I’m not sure this qualifies as creative, so I’m not tagging it as a 365 days. But hot damn, I am proud of myself.
See, I do all my work on a laptop. With the fibro, I’m no longer an early bird jump-out-of-bed-and-get-going kind of person. Most mornings, though, I can sit in bed and work on the computer and be productive even though it takes me an hour or two to get together enough to get up. I have a wireless connection to my cable, so it’s reasonably fast. I can read and answer email, listen to streaming music from Sky.FM, check the blogs (shhhh, don’t tell my clients about the blogs), and work on websites.
A couple of weeks ago I started having problems with the wireless connection. It would drop out at random intervals and I’d have to go downstairs and kick the router to get things going again. This was annoying.

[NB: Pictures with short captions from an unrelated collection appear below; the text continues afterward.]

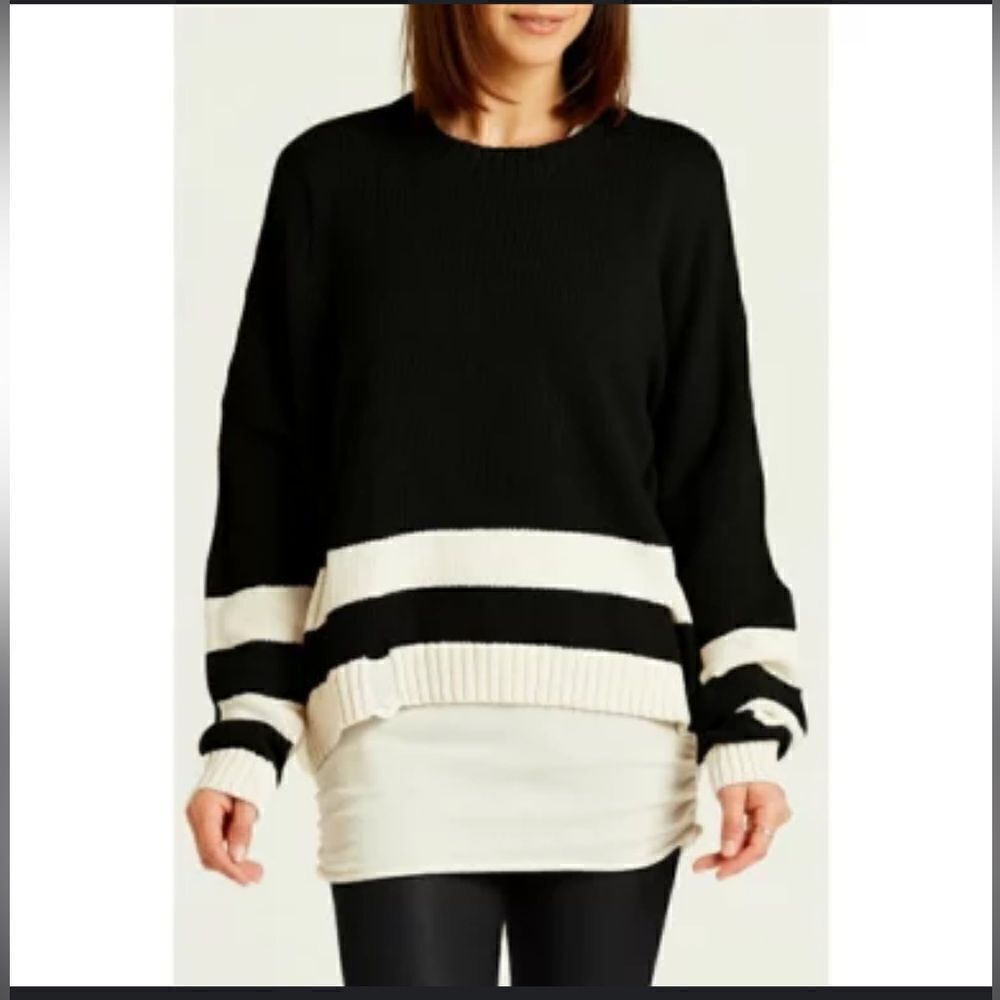 Planet By Lauren G Striped Cotton Black And White Sweater One Size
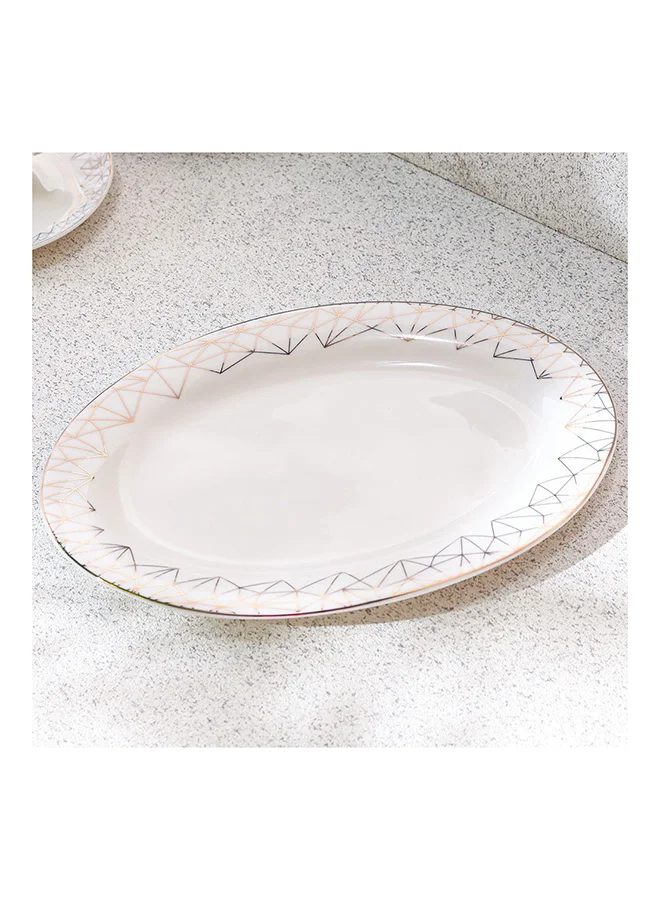 DANUBE HOME Sabrina 32 Piece New Bone China Dinner Set Serve 6 Modern Houseware Dinner Set L 37.5x27.5 X H 28.5cm White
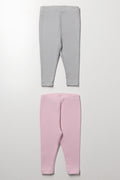 2 Pack Cable Knit Leggings Grey And Pink (2)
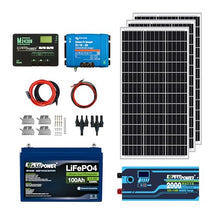 ExpertPower 1.3KWH 12V Solar Panel Kit | LiFePO4 12V 100Ah, 300W Mono Panels, 30A MPPT Solar Controller, 30A DC-DC Charger, 2KW Pure Sine Wave Inverter Charger | RV, Trailer, Camper, Marine, Off Grid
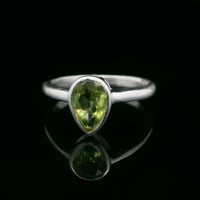 Peridot, Faceted Sterling Silver Ring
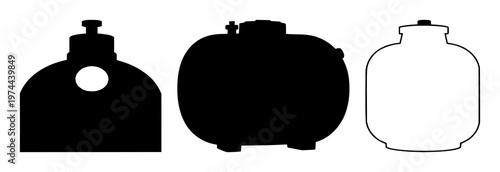 Oxygen tanks set with black silhouette on white background featuring oxygen, medical, health with equipment and tank graphics
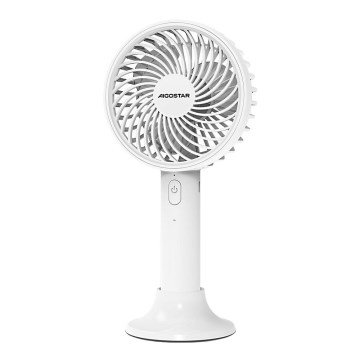 Aigostar - Punjivi džepni ventilator 3W/5V 1500mAh USB bela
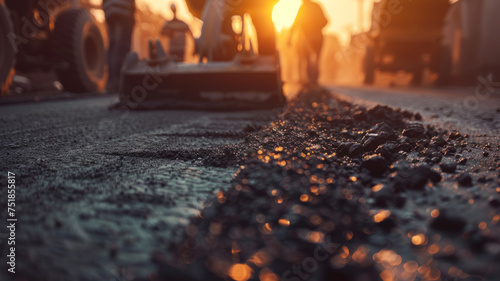 Heavy duty road repair machinery compacting freshly laid asphalt on a city street. © SashaMagic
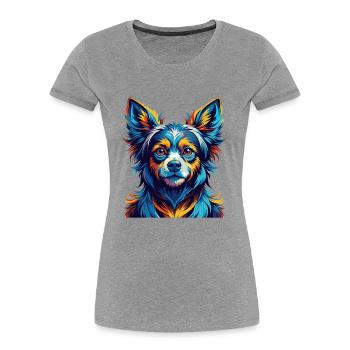 Kyi Leo Hunderasse Bunte Karikatur Kawaii - Frauen Premium Bio T-Shirt - Grau meliert - Vorne - Mia (176cm)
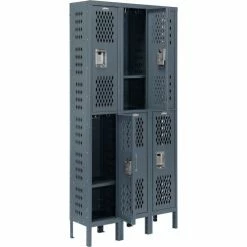 Global Industrial™ Infinity® 2-Tier 6 Door Ventilated Locker, 12"Wx18"Dx36"H, Unassembled -Deals Lockers Store 493149GY 02 1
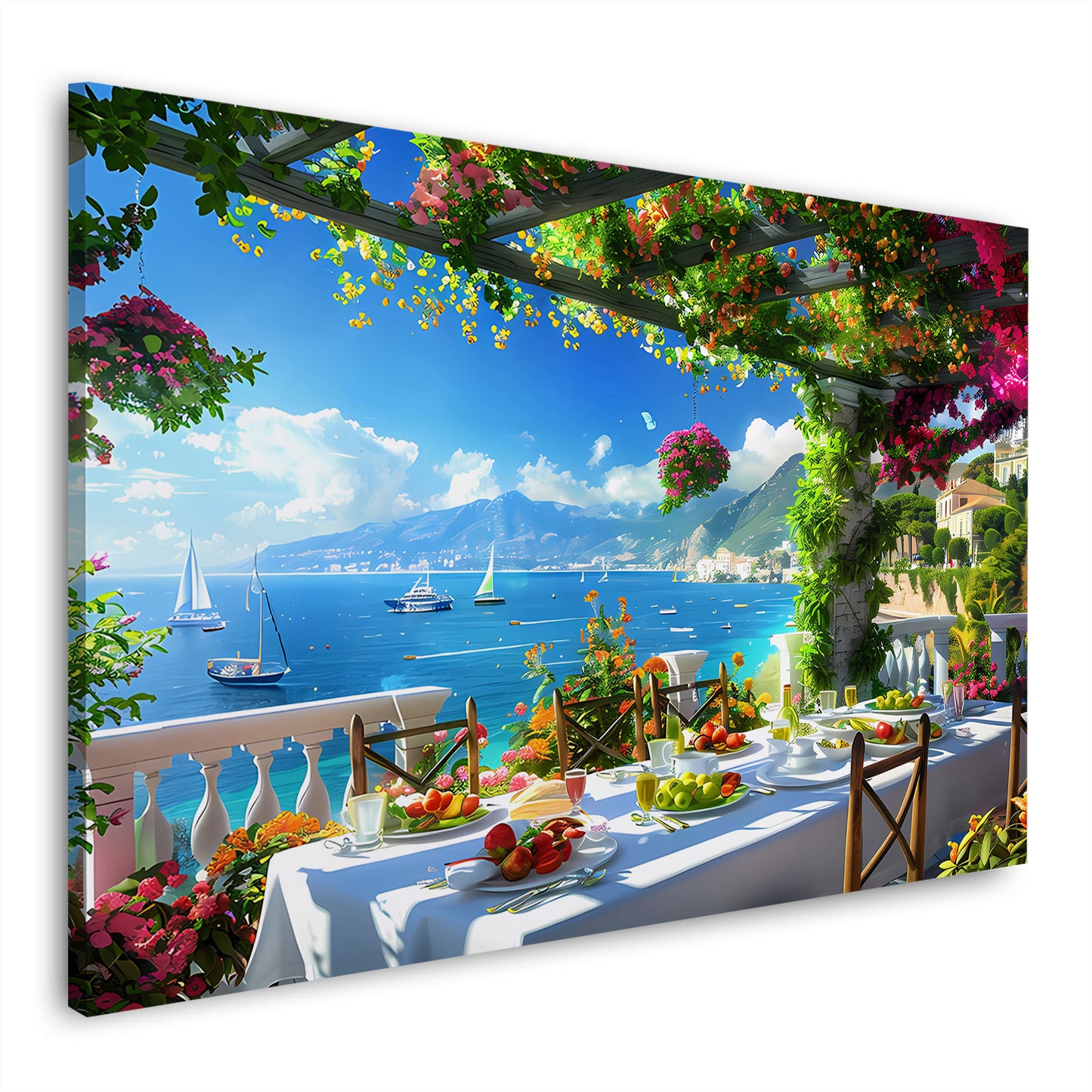 Italien Toscana mediterrane Landschaft Blumen und Segelboote Wandbild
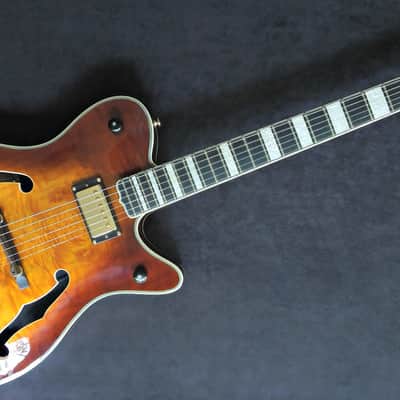 DYNAMIC Metropolitain VSB - Custom Thinline ES Jazz Guitar Exotic Amboyna Burl Top, Ebony Board image 2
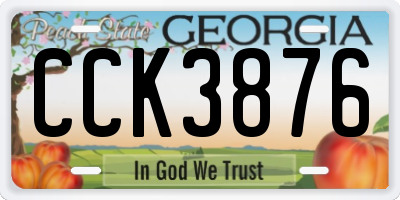 GA license plate CCK3876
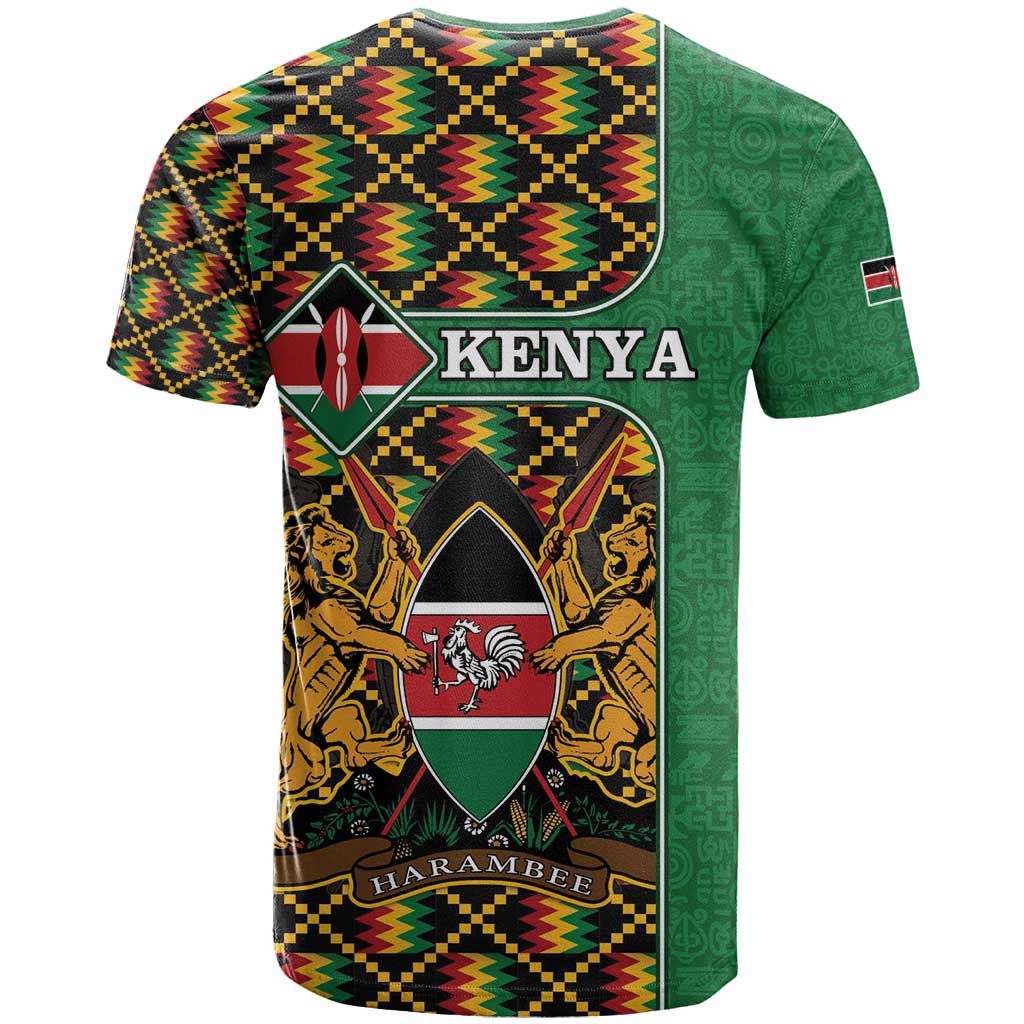 Kenya T-Shirt Coat Of Arms Kente Pattern Graphic Tee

Research told me that the particular router I had was well-known for doing this after about 18 months in service — the capacitors start to overheat and the thing cuts in and out. Since I wasn’t prepared to open it up and attack it with a soldering iron, I determined that I needed a new router. So I looked around, found the Netgear WGT624, which had good reviews and was supposed to be very fast and stable. Got it last night, installed it, set everything up, and went to bed.
This morning I set up the laptop and connected to the router and immediately erupted into a spate of severe tut-tuttery. The Netgear was indeed really, really fast. It was fast at connecting and even faster at dropping offline. Like every minute or so.
I spent the day in mounting frustration as I searched the internet and tried remedy after remedy. Everything worked fine when the computer was connected to the router by cable, and it even worked sorta-kinda okay on wireless downstairs in the studio. But it would not work, not for toffee, upstairs.
Finally, in a throwaway comment on a tech board, I found the answer. Wireless access points — all brands — ship using a default broadcast frequency (channel 6) very close to that used in most cordless phones (2.4GHz). And I have a cordless phone next to my bed. The commenter suggested changing the frequency to a different channel and see if the interference stopped.
So I did. And the thing has worked like a champ for the last two hours with no dropouts at all. Too cool!